# [What you are asked to do]
Please retype the data below in full.

━━━━━ Records ━━━━━

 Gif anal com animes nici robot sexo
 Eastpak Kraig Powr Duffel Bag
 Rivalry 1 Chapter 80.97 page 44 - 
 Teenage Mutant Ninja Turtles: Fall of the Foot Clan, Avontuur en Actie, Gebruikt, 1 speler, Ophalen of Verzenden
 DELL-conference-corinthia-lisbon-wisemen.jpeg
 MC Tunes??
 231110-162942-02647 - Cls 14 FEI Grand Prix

━━━━━

# [Completed task]
 Gif anal com animes nici robot sexo
 Eastpak Kraig Powr Duffel Bag
 Rivalry 1 Chapter 80.97 page 44 - 
 Teenage Mutant Ninja Turtles: Fall of the Foot Clan, Avontuur en Actie, Gebruikt, 1 speler, Ophalen of Verzenden
 DELL-conference-corinthia-lisbon-wisemen.jpeg
 MC Tunes??
 231110-162942-02647 - Cls 14 FEI Grand Prix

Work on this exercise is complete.